As we swing into the fall season, some legendary musicians are in town this week. Still shaping jazz, Ornette Coleman comes to Royce Hall on Wednesday with another of his two-bassist quartets (plus Denardo Coleman on drums). Considering the rapturous response (at least from jazz lovers in the audience) to his appearance at Disney Hall a couple of years back, expectations will be very high for this one, and word has it that the music should attain the same heights. It’s hard to say anything about this jazz icon that hasn’t been said by others before (and better), but if you can get tickets for this you should be a very happy jazz fan. Ornette Coleman is perhaps the last of the revolutionary figures of 1950s jazz who is still making daring, challenging music. And Dave Brubeck, with his quartet featuring saxist Bobby Militello (who is a nice stand-in for Paul Desmond), performs at Pepperdine on Tuesday.

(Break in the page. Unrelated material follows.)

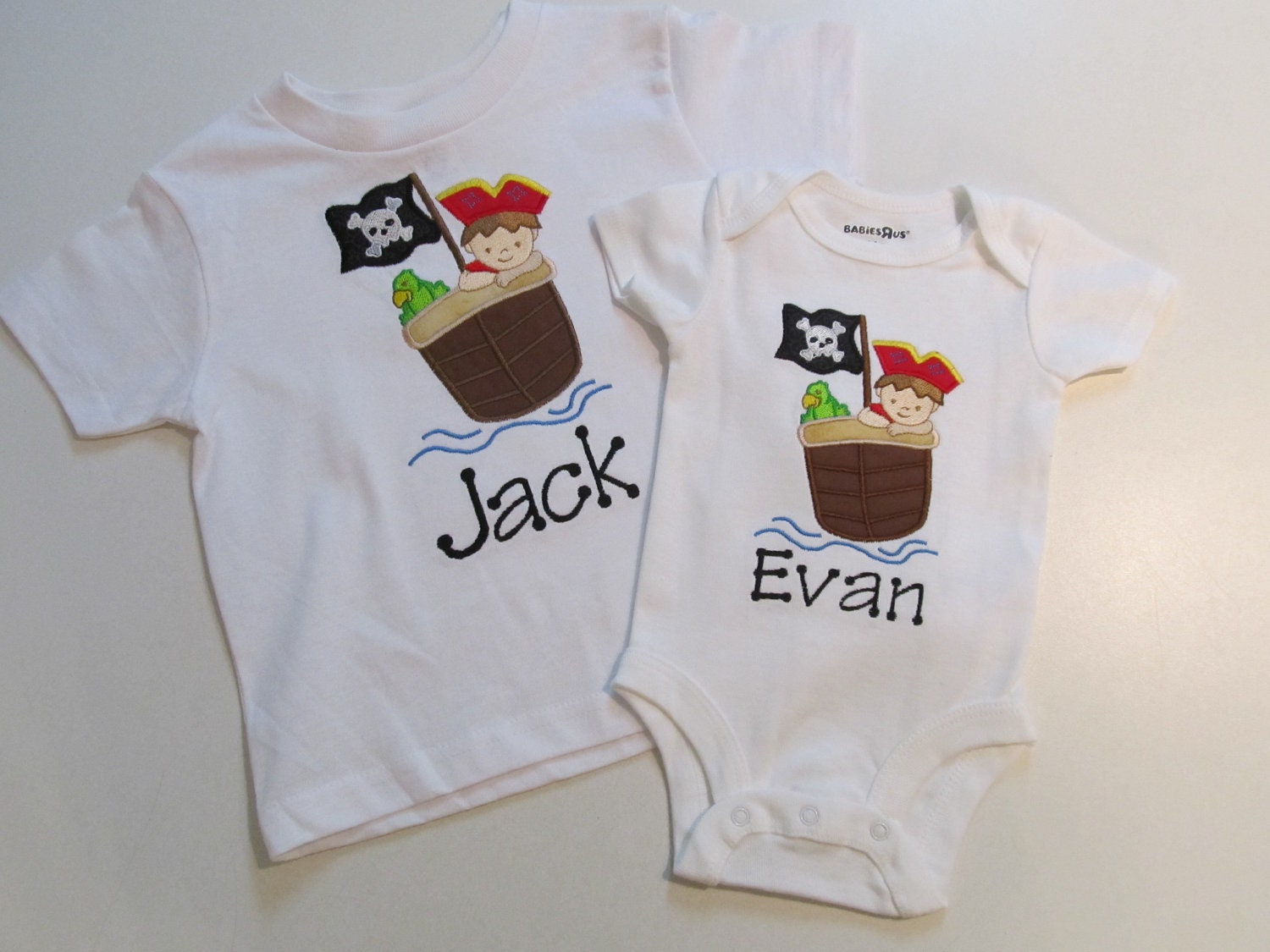 Big Brother, Little Brother White Shirt and Onesie, with Little Boy in Pirtate Ship Applique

Brubeck’s polyrhythms and polytonalities were certainly a refined new thing before the New Thing (of all people, Anthony Braxton flipped over Paul Desmond), so despite himself Brubeck helped bring art-school cachet to a music so steeped in the blues. Some still resent him for that, but he has a catalog of swinging albums going back half a century, and here, especially with Militello on board, the sets will be nice, very nice.

It’s almost a cliché how jazz fans and academic types alike bemoan an alleged lack of current icons, but there are new heavies out there, such as the two pretty major NYC trumpet players appearing this week at Catalina Bar and Grill. Roy Hargrove is there through Sunday with his quintet, and Terence Blanchard begins his stand on Thursday. Hargrove’s acoustic music is kicking hard bop, edgy, joyous and plenty fired up; while the expansive and creative New Orleans native Blanchard will be playing music from his requiem for Katrina, A Tale of God’s Will.

Dwight Trible will celebrate John Coltrane’s birthday at the Jazz Bakery on Sunday. The vocalist and his band make powerful, stirring jazz, steeped in Trane and Tapscott. Tenor Azar Lawrence — also infused with the sounds and feeling of Coltrane (especially the later stuff) — is all over town this week. His quintet is at LACMA on Friday, and then he’s with the John Heard Trio at Charlie O’s on Saturday, and with his quartet at the Grand Star Jazz Club in Chinatown on Sunday. He’s also playing tenor in the Henry “Skipper” Franklin Sextet (alongside pianist Theo Saunders and alto Michael Session) at the Crowne Plaza on Thursday. Franklin was a highlight at this year’s Central Avenue festival — his music was soaring, intense and beautiful.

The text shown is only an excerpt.